Auch die Wärmewende und energieeffiziente Gebäudekonzepte sind zentrale Bestandteile des Programms. Sie verdeutlichen, dass technologische Innovation und regulatorische Rahmenbedingungen zunehmend miteinander verzahnt sind und ganzheitliche Strategien verlangen.
Entscheider im Dialog: Wissenstransfer auf Augenhöhe
Ein wesentliches Merkmal des 3. Baukongress ist der direkte Austausch zwischen Entscheidungsträgern. Das Programm kombiniert Keynotes, Fachvorträge und Diskussionsformate, um unterschiedliche Perspektiven zusammenzuführen. Vertreter aus Bauwirtschaft, Immobiliensektor und Technologieunternehmen bringen ihre Erfahrungen ein und ermöglichen so eine fundierte Einordnung aktueller Entwicklungen.
Für die Teilnehmer entsteht dadurch ein realistisches Bild der Marktveränderungen. Strategische Fragestellungen wie Produktivitätssteigerung, Fachkräftesicherung oder neue Projektabwicklungsmodelle werden nicht isoliert betrachtet, sondern im Kontext realer Projekte und unternehmerischer Anforderungen diskutiert.
Innovation erlebbar machen: Forschung trifft Anwendung
Ein Alleinstellungsmerkmal des Baukongresses sind die sogenannten Offsite-Formate. Sie bieten Einblicke in laufende Forschungsprojekte, Reallabore und Demonstratoren. In Kooperation mit der RWTH Aachen University und der FH Aachen erhalten Teilnehmer Zugang zu aktuellen Entwicklungen aus erster Hand.
Dieser direkte Zugang zu Forschung und Anwendung ermöglicht es, Innovationen nicht nur theoretisch zu verstehen, sondern deren praktischen Nutzen zu bewerten. Für Unternehmen der Bau- und Immobilienbranche entsteht so ein klarer Mehrwert bei der Einordnung neuer Technologien und Methoden.
Netzwerk als Innovationsmotor der Branche
Hinter dem 3. Baukongress steht ein starkes Netzwerk aus Institutionen und Unternehmen. Veranstaltet wird das Format im Rahmen der F.A.Z.-Konferenzen und gemeinsam organisiert von ABE (Aachen Building Experts e. V.), dem Cluster Bauen des RWTH Aachen Campus sowie den Hochschulen in Aachen.
Das Netzwerk ABE bündelt Kompetenzen entlang der gesamten Wertschöpfungskette der Bau- und Immobilienbranche. Unternehmen, Hochschulen und Start-ups arbeiten hier eng zusammen, um Innovationen schneller in die Praxis zu überführen. Thematische Schwerpunkte wie BIM, Smart Building, nachhaltige Materialien und Vorfertigung zeigen, wohin sich die Branche entwickelt.
Einordnung für die Praxis
Der 3. Baukongress verdeutlicht, dass „Die Zukunft des Bauens“ keine abstrakte Vision mehr ist, sondern bereits konkrete Auswirkungen auf Projekte, Prozesse und Geschäftsmodelle hat. Für Entscheider in der Bau- und Immobilienbranche wird es zunehmend entscheidend, technologische Entwicklungen frühzeitig zu bewerten und strategisch zu integrieren.

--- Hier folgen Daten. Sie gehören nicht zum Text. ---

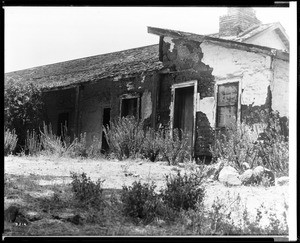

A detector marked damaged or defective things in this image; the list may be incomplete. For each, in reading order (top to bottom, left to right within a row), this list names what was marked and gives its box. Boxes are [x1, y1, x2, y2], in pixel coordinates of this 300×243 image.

damaged doorway [170, 80, 198, 155]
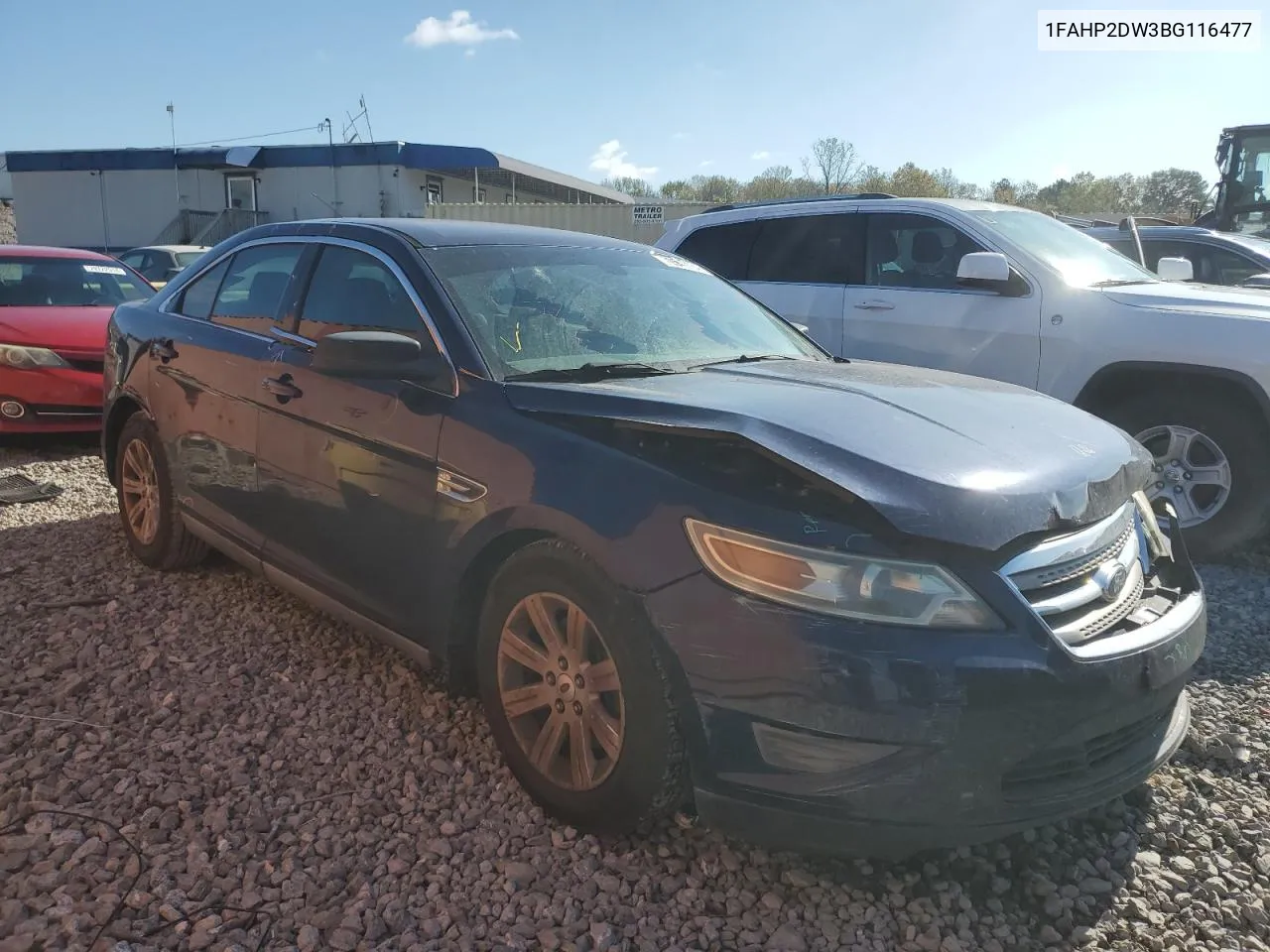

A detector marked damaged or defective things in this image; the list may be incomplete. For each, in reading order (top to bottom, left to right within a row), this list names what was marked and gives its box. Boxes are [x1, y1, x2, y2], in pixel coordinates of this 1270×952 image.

dented hood [502, 357, 1153, 550]
damaged front bumper [650, 502, 1204, 863]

Als zentrale Informationsquelle der Branche ordnet buildingnet.de die Inhalte des Kongresses ein und macht sie für die Praxis zugänglich. Ergänzend liefert das Baugewerbe Magazin fundierte Hintergrundanalysen und vertiefende Fachinformationen.
Der Baukongress in Aachen liefert damit nicht nur Impulse, sondern konkrete Orientierung in einer Phase tiefgreifender Transformation.